Monday, Jun. 02, 1930
Montagues & Capulets
Like dogs and cats fought medieval Italy's famed Montagues and Capulets. Today the Chambruns and the Dampierres of France regard each other with proud, polite disfavor--much as a prize Angora stares at a haughty Pekingese. Last week the French government sent to the U. S. on the maiden voyage of the French line's sumptuous new cabin class liner Lafayette an "official mission," consisting of the Marquis Jacques de Dampierre, the marquise, their son Count Henri de Dampierre and his countess. These personages the government officially called "descendants" of the great French hero of the American Revolution: General the Marquis Marie Joseph Paul Yves Roch Gilbert Dumotier de La Fayette.
It was a gesture worthy of France: the Lafayette should come bearing if not La Fayettes, then, since the male line is extinct, descendent Dampierres.
In Paris, however, the Chambruns were furious. They are blood descendants of the great La Fayette, direct offspring of his daughter Virginie (he named his youngest son after an old comrade in arms "Georges Washington Metier de La Fayette"). On the contrary, not a single drop of ancestor La Fayette's blood flows in the veins of the Dampierres. They are collateral descendants of the marquis through one of his four sisters-in-law. That "such descendants" should be sent over on the Lafayette, the Chambruns thought outrageous! Happily U. S. citizens know little, care less about exquisite ripples of this sort on the suave millpond of highest French society. More interested in the S.S. Lafayette herself, they saw a ship sail into New York harbor last week which gives first-class comfort in all but name in "cabin class" cabins. By no means every first-class liner has the major "American feature" of the Lafayette: a private tub or shower bath with every stateroom.
A 22,000-ton "motor ship" (that is, with Diesel instead of steam propulsion), the Lafayette is the largest liner of this advanced type in the French merchant marine. As she was warped into her Manhattan pier not only New York but Virginia officially welcomed the mission Dampierre. In their famed colonial uniforms, Virginia's historic Monticello guard stood at stiffest attention. Just so their ancestors stood to be reviewed by General de La Fayette.

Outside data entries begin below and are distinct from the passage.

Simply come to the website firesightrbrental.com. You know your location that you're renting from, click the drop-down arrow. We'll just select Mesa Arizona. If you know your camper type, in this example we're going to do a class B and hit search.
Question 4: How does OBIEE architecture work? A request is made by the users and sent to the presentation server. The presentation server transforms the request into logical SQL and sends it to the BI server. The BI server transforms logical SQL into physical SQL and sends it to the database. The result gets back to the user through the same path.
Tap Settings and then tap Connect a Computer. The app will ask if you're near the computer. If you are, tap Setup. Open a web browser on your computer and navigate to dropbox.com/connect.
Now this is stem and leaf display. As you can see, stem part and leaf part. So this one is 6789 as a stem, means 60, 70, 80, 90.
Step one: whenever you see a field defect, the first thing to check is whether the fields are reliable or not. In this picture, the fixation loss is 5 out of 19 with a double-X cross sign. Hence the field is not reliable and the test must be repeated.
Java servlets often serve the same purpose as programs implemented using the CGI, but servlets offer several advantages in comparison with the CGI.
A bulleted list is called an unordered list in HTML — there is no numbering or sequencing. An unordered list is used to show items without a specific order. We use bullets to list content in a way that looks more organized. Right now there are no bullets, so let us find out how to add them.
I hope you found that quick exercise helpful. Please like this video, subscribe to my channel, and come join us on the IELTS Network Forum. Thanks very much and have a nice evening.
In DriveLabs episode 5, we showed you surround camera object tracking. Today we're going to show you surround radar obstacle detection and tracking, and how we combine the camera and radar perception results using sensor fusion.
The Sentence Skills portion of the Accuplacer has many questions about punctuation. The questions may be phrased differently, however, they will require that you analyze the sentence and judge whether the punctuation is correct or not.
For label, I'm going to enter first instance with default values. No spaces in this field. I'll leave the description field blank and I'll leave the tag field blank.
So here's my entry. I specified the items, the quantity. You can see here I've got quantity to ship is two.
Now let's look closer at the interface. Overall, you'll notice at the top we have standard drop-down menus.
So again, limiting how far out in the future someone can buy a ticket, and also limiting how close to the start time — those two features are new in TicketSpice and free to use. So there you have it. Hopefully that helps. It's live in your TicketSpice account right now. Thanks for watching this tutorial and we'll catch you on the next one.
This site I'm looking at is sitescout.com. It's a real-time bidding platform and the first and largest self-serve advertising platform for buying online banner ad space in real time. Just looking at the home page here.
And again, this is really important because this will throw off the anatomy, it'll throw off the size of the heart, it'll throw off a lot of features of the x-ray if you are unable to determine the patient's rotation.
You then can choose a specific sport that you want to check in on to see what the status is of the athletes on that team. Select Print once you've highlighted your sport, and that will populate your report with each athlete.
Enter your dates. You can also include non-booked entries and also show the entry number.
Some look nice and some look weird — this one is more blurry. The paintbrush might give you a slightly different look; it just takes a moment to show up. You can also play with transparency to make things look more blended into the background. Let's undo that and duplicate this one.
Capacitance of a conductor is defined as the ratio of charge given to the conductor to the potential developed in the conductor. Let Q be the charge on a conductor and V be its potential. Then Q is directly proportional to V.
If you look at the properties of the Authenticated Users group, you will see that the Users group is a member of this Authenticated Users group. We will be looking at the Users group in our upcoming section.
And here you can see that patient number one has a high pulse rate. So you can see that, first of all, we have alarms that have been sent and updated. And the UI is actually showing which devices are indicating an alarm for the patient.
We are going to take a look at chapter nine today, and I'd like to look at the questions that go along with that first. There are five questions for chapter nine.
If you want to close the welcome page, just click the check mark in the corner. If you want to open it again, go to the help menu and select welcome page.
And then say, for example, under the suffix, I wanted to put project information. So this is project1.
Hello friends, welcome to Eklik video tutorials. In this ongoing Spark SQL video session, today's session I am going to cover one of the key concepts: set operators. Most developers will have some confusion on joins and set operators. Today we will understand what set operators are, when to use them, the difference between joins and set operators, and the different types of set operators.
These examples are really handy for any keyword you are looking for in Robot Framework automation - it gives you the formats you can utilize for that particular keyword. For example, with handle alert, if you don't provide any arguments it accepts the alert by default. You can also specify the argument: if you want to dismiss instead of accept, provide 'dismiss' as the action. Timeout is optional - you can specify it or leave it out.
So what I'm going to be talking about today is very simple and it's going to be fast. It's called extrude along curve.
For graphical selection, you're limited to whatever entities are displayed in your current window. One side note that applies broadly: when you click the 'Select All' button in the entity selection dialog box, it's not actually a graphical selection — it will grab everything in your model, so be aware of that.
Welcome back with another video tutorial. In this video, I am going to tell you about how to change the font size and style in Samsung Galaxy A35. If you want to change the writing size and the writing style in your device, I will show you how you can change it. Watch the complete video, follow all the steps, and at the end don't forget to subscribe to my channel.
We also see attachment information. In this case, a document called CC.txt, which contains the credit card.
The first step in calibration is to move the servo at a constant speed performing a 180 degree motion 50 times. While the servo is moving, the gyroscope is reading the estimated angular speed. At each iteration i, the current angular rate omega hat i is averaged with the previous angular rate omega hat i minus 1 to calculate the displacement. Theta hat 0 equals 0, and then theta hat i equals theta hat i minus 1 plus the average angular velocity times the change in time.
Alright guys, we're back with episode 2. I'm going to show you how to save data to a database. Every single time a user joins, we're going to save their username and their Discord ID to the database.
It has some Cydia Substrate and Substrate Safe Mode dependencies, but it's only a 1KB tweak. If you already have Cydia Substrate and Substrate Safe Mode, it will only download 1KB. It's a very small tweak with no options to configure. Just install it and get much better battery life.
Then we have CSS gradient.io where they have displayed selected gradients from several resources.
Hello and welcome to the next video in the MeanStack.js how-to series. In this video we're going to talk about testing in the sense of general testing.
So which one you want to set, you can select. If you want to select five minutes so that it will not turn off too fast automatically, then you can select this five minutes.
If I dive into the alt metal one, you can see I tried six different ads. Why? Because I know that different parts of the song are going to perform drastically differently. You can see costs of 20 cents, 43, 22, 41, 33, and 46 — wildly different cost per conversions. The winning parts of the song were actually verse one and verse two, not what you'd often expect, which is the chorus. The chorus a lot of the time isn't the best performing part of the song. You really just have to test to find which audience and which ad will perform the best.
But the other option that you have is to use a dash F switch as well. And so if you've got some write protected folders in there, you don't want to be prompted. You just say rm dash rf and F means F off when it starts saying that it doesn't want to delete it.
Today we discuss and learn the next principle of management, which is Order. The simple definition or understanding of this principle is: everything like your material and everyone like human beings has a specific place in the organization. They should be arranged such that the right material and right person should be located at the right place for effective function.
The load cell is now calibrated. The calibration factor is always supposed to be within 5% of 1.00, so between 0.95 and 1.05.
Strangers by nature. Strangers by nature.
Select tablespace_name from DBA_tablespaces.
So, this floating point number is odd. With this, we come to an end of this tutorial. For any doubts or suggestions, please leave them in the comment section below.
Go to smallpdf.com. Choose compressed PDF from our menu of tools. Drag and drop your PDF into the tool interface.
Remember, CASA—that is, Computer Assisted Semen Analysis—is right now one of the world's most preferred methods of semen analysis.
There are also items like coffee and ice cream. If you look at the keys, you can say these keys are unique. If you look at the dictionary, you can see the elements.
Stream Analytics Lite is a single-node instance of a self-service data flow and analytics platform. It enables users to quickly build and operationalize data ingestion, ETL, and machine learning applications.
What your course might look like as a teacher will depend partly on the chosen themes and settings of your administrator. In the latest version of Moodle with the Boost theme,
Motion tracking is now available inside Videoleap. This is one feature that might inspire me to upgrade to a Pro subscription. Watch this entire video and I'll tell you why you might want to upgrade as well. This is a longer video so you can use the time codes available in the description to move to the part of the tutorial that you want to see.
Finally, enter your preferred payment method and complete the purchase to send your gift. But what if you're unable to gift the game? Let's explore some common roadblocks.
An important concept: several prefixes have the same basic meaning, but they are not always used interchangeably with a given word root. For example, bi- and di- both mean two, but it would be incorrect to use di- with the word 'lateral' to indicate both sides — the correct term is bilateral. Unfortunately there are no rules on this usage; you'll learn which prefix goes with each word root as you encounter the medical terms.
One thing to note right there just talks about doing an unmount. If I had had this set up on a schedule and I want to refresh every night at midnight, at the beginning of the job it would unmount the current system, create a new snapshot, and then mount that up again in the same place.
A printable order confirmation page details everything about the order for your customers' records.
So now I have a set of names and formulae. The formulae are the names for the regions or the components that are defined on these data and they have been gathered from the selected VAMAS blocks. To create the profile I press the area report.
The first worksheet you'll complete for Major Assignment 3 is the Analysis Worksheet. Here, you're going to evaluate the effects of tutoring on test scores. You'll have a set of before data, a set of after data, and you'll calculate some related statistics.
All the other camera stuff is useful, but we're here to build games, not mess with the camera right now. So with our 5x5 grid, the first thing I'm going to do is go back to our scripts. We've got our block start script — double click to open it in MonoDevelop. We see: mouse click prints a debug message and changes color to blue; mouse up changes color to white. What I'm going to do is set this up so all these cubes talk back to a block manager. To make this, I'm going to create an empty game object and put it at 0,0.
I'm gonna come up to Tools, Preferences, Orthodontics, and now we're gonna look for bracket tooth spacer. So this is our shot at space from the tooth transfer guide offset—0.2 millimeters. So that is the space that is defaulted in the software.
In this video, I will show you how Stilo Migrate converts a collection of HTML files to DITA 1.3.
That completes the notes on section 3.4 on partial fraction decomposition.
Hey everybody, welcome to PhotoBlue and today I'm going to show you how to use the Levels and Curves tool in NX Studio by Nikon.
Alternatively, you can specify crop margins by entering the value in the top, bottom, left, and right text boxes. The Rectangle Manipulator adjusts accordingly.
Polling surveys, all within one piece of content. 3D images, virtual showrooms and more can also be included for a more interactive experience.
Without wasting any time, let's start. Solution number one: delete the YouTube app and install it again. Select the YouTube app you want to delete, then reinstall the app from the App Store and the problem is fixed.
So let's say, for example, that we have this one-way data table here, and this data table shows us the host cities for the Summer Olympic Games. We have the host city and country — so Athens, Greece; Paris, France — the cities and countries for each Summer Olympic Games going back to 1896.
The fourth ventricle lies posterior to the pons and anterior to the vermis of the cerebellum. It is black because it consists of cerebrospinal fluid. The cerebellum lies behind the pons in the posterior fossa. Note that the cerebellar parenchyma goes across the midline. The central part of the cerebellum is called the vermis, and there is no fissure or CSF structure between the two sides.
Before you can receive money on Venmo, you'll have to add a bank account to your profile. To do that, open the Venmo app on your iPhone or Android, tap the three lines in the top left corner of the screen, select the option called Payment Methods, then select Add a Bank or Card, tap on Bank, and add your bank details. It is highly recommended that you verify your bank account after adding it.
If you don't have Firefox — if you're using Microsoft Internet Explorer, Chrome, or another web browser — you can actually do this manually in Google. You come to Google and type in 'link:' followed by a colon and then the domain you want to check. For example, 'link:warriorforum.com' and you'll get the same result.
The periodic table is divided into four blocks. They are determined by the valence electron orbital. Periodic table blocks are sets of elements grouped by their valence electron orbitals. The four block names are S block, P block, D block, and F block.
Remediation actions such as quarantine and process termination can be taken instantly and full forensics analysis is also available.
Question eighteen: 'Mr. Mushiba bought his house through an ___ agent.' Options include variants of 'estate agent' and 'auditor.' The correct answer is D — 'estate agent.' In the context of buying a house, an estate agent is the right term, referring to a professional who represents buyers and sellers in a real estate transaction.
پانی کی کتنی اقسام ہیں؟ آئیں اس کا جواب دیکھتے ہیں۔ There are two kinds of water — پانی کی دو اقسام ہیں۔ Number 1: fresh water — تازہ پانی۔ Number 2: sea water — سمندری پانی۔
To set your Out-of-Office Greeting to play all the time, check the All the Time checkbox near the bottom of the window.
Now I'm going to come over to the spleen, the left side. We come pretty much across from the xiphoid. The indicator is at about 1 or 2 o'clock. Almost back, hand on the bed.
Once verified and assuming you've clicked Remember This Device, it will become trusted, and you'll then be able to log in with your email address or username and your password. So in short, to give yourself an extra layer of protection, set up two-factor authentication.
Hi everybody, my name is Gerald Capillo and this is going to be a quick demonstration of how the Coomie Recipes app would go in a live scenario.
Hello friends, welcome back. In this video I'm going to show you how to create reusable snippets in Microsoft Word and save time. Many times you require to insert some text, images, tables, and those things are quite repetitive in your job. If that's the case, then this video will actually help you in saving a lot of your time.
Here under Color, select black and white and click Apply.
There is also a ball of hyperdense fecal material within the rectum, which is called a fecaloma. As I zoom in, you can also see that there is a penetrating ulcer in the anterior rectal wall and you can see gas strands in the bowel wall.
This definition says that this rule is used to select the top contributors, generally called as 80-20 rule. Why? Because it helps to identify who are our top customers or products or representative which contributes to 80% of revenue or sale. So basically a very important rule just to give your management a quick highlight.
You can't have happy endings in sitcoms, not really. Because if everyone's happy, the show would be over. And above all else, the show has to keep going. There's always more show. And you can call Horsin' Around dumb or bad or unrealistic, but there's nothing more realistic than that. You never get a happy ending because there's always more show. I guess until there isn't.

Genial but punctilious M. le Marquis de Dampierre prepared to be Lion Guest at festivities staged by the Thomas Jeffer son Memorial Foundation. Modest, the marquis would never boast that his family is more ancient than the Chambruns, that he himself is a distinguished authority on economics, that it was he who received General Pershing in behalf of the city of Paris on July 4. 1917.